Results: Pixel Response, Input Lag, And Blur Reduction
To perform these tests, we use a high-speed camera that shoots at 1000 frames per second. Analyzing the video frame-by-frame allows us to observe the exact time it takes to go from a zero-percent signal to a 100% white field.
The pattern generator is placed at the base of the monitor so our camera can capture the precise moment its front-panel LED lights up, indicating that a video signal is being received by the monitor. With this camera placement, we can easily see how long it takes to fully display a pattern after pressing the button on the generator’s remote. This testing methodology allows for accurate and repeatable results when comparing panels.
Here’s a shot of our test setup.
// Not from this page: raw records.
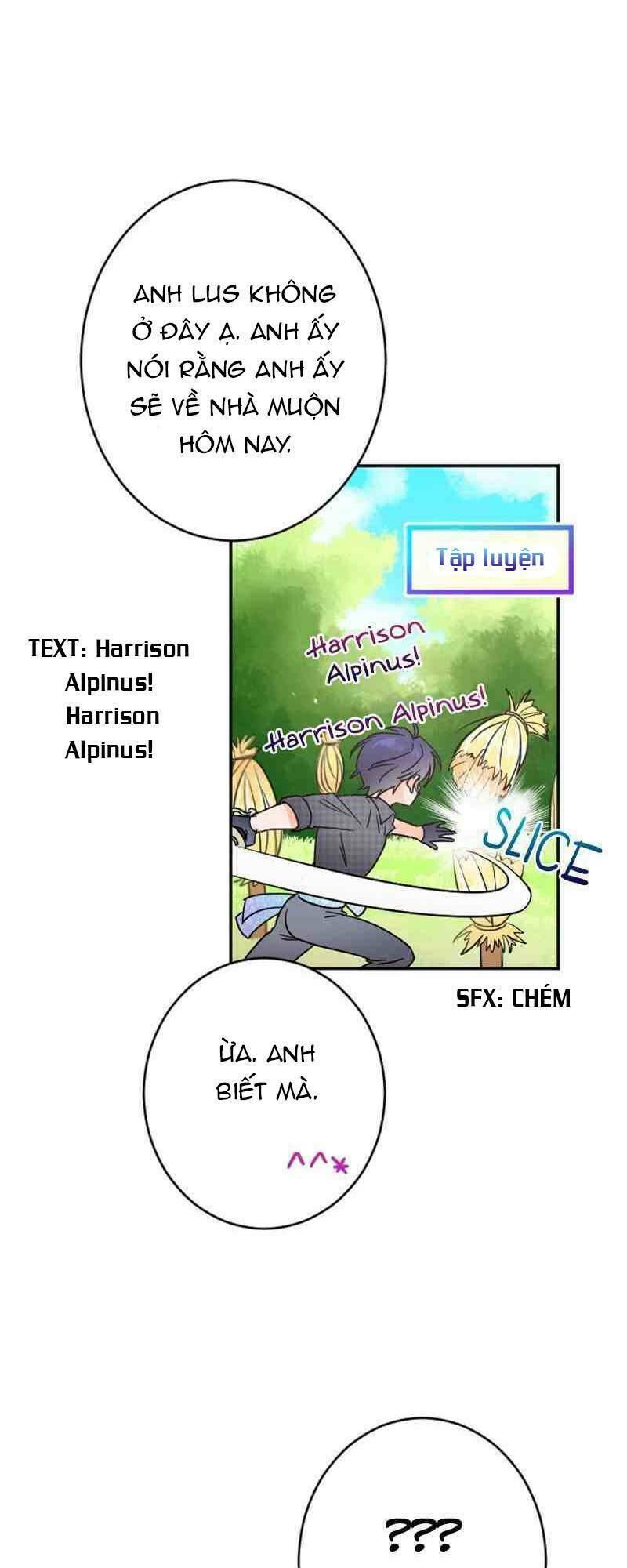 Tiểu Thư Bé Bỏng Đáng Yêu! Chapter 48 - Trang 2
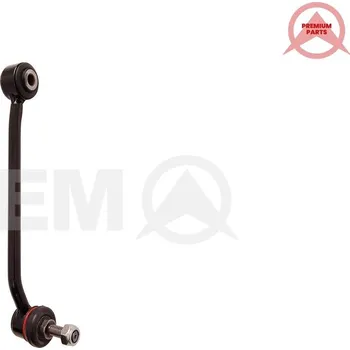 Zavěšení kol Tyč/vzpěra, stabilizátor SIDEM 37260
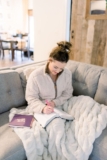 The Sunday Reset Checklist: Start the Week With Less Stress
Click on the photo to enlarge.
The brighter section of the camera’s screen is what actually appears in the video. You can see the lights of the pattern generator in the bottom of the viewfinder. We flash the pattern on and off five times and average the results.
BenQ does't market its PG2401PT to gamers, and gamers probably won't spring for such a pricey 24" display. But this is one of the fastest IPS-based screens we’ve tested, even still.
Here are the lag results:
The lag result also lands on the faster end of the IPS-based field we've measured. Speed is not the PG2401PT’s primary purpose. However, compared to our other pro-class screens, only the Samsung achieves lower input lag.